The Second Circuit Court of Appeals has upheld the denial on the grounds that marijuana’s classification as a Schedule I substance under the Controlled Substances Act (CSA) means that the edibles have “no accepted medical use” under the Longshore and Harbor Workers’ Compensation Act (LHWCA).

Federal law “categorically bars marijuana from being deemed a reasonable and necessary medical expense for purposes of the LHWCA,” the Second Circuit court ruled.

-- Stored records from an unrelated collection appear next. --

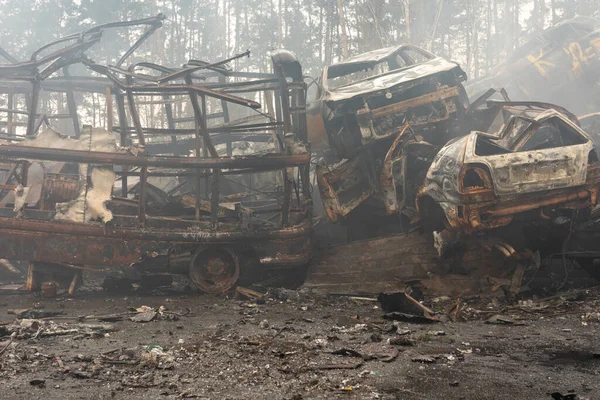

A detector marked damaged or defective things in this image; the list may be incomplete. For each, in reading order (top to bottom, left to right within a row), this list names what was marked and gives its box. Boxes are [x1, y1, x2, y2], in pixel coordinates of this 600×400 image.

rusted metal frame [62, 68, 81, 138]
rusted metal frame [0, 144, 310, 169]
rusted steel beam [0, 144, 310, 169]
burned bus frame [0, 15, 312, 294]
rusted car body [0, 16, 312, 294]
rusted metal frame [185, 74, 220, 158]
burned-out car [312, 44, 472, 159]
rusted car body [312, 45, 472, 225]
burned-out car [312, 45, 472, 227]
rusted car body [418, 101, 600, 238]
burned-out car [418, 101, 600, 250]
overturned car [418, 101, 600, 255]
burnt tire [191, 247, 240, 294]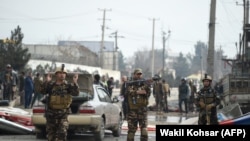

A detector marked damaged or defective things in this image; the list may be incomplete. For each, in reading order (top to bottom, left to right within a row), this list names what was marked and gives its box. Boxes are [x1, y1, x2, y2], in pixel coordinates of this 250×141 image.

damaged vehicle [31, 72, 123, 141]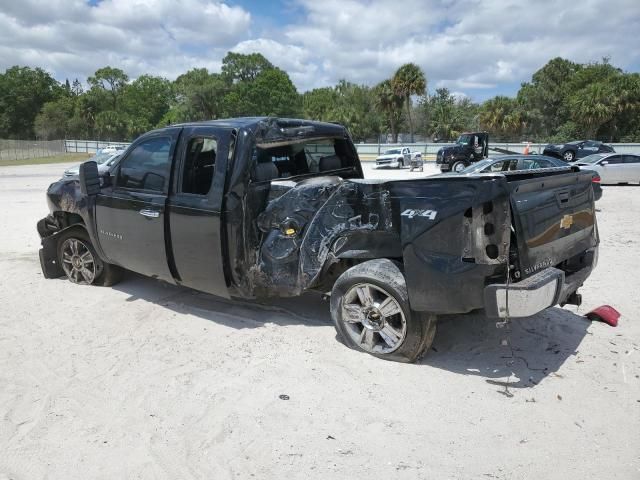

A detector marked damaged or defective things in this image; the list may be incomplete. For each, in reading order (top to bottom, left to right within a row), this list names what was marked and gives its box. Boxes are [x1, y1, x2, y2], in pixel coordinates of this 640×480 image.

damaged pickup truck [37, 118, 600, 362]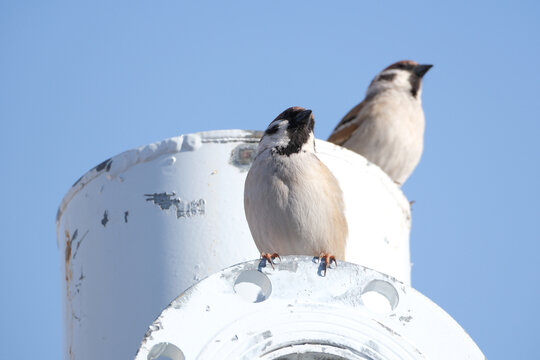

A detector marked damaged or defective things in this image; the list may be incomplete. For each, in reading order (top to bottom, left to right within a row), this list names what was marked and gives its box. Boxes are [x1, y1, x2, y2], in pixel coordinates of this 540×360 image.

peeling paint patch [144, 193, 206, 218]
chipped paint [144, 193, 206, 218]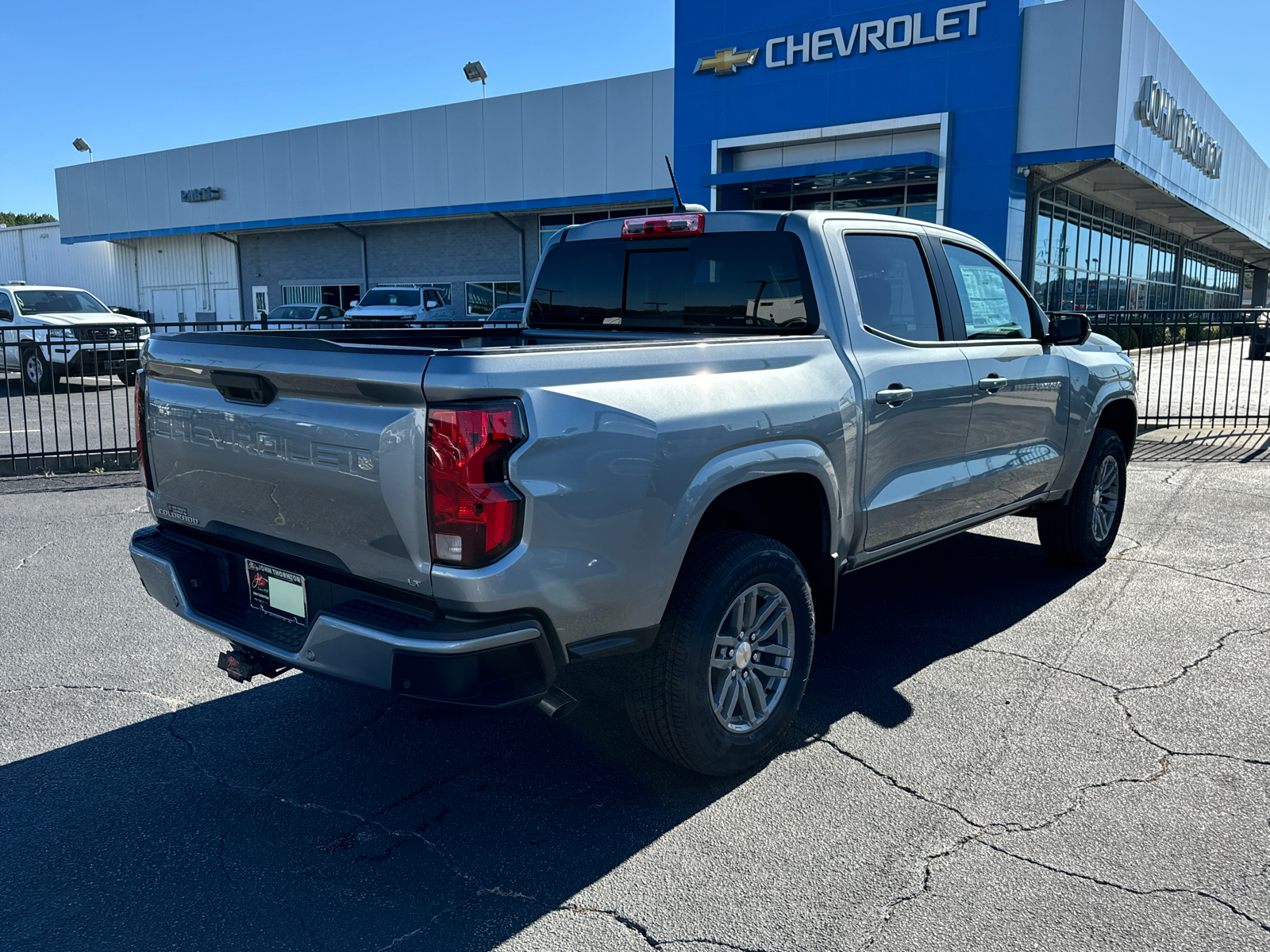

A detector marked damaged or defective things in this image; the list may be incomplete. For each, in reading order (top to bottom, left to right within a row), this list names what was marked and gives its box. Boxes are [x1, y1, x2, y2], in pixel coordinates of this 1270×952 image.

crack in asphalt [0, 680, 185, 711]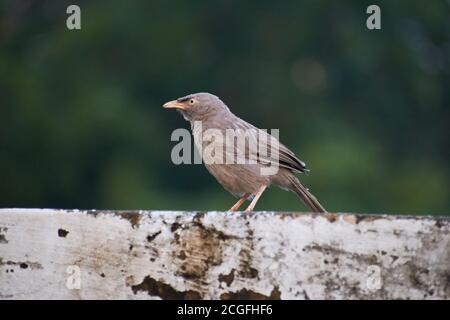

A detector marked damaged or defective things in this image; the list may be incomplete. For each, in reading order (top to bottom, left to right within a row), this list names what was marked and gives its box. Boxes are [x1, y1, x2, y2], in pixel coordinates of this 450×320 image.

cracked concrete surface [0, 209, 448, 298]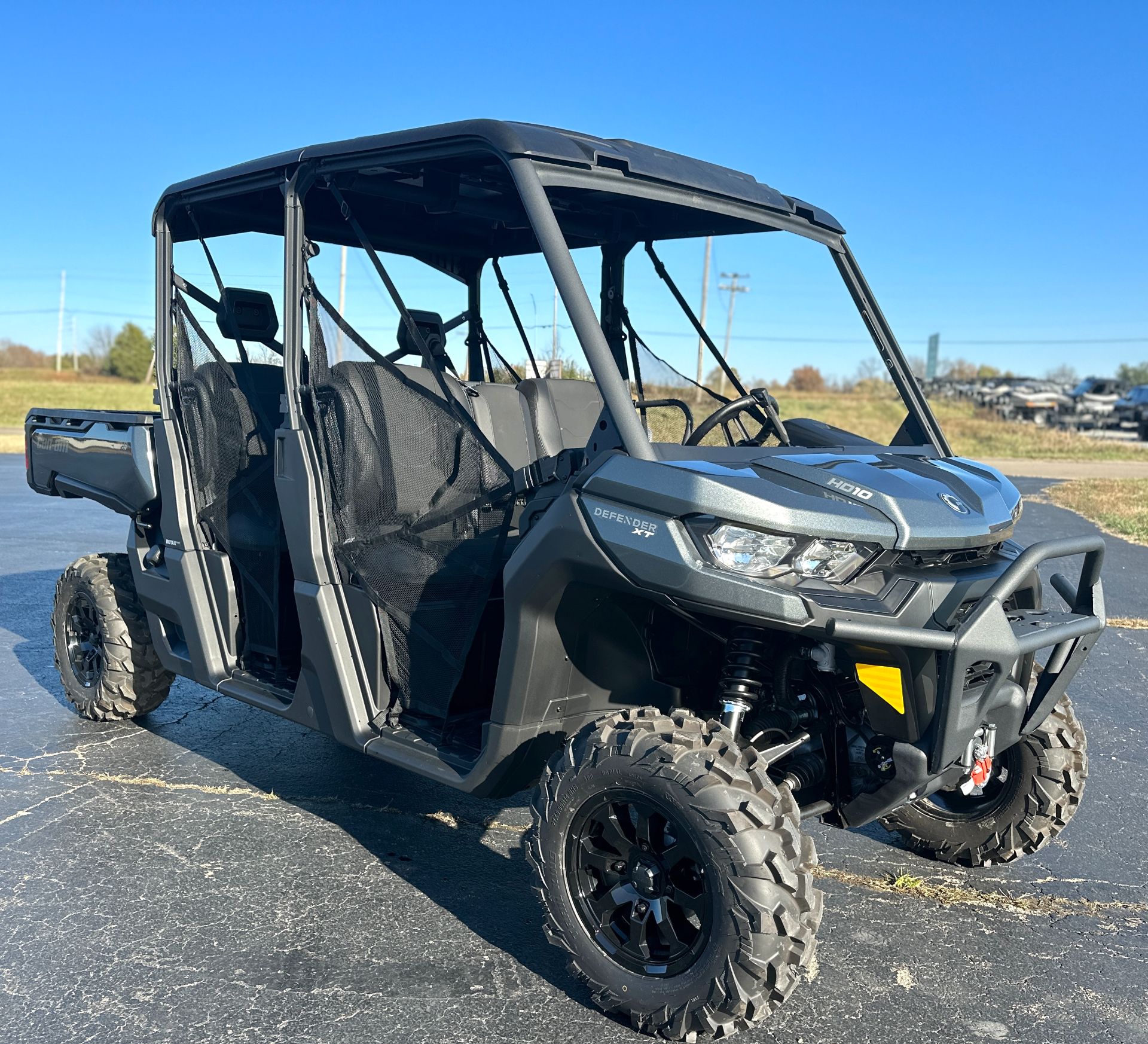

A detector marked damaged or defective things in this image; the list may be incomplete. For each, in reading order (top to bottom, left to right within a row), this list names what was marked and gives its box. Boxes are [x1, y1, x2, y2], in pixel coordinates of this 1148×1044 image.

Luis Peña Garcia, a resident of Puerto Rico, sustained work-related injuries to his neck, back, and upper and lower extremities in May 1994, resulting in permanent total disability. In 1998, the Department of Labor (DOL) found that Peña’s former employer and its insurance carrier were required to provide him with medical care and treatment for his injury under the LHWCA, which Congress extended to territories including Puerto Rico with the Defense Base Act. The law requires reimbursement of “all reasonable and necessary medical expenses” for eligible work-related injuries.

In keeping with Puerto Rico’s regulations allowing physician-recommended medical marijuana, a doctor licensed in Puerto Rico recommended “edibles such as cookies infused with specific dosage of medical cannabis” as treatment for Peña’s chronic pain. “This seems to be one of the only treatments that best works for [Peña] at night time due to its absorption and dose doubling effect,” the doctor explained.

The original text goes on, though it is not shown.